A conta da crise de componentes chegou ao videogame mais uma vez. A Microsoft confirmou um novo reajuste nos preços de toda a linha Xbox Series, que passa a valer a partir de 1º de agosto de 2026. É o segundo aumento em menos de um ano — o anterior havia acontecido em outubro de 2025 — e atinge tanto o Xbox Series S quanto o Xbox Series X, em todas as configurações.
Nos Estados Unidos, onde os valores já foram oficializados, o salto é considerável.
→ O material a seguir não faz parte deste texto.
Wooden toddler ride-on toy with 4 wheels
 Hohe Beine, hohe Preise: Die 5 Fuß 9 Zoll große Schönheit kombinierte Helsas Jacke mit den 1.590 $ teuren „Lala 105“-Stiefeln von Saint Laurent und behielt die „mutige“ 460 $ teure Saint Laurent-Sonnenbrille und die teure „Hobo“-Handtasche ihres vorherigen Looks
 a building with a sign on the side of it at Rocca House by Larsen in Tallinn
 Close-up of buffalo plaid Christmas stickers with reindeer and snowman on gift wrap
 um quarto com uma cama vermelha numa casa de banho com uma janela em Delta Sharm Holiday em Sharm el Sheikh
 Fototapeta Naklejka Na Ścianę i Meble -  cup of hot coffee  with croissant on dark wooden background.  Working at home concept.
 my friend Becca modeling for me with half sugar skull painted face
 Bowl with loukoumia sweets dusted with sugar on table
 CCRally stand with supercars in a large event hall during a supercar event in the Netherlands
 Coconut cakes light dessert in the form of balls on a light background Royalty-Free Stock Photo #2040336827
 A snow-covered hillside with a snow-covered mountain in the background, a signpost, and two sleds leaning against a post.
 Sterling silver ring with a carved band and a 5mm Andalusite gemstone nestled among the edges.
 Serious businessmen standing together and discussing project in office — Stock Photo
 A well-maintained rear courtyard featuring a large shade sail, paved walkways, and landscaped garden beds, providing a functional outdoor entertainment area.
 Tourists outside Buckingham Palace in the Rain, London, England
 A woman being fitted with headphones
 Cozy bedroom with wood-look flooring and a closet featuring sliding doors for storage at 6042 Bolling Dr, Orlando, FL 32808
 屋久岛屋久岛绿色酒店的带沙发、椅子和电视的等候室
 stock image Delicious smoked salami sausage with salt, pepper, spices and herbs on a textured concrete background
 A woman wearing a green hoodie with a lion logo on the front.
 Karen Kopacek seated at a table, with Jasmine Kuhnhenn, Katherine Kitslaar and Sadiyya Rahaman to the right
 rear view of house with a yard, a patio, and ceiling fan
O Series S de 512 GB sai de US$ 399,99 para US$ 499,99, enquanto a versão de 1 TB pula de US$ 449,99 para US$ 599,99. No topo, o Series X digital passa de US$ 599,99 para US$ 749,99 e o modelo com leitor de disco vai de US$ 649,99 para US$ 799,99. A edição especial Galaxy Black de 2 TB, por sua vez, foi descontinuada. Na prática, são entre US$ 100 e US$ 150 a mais por aparelho.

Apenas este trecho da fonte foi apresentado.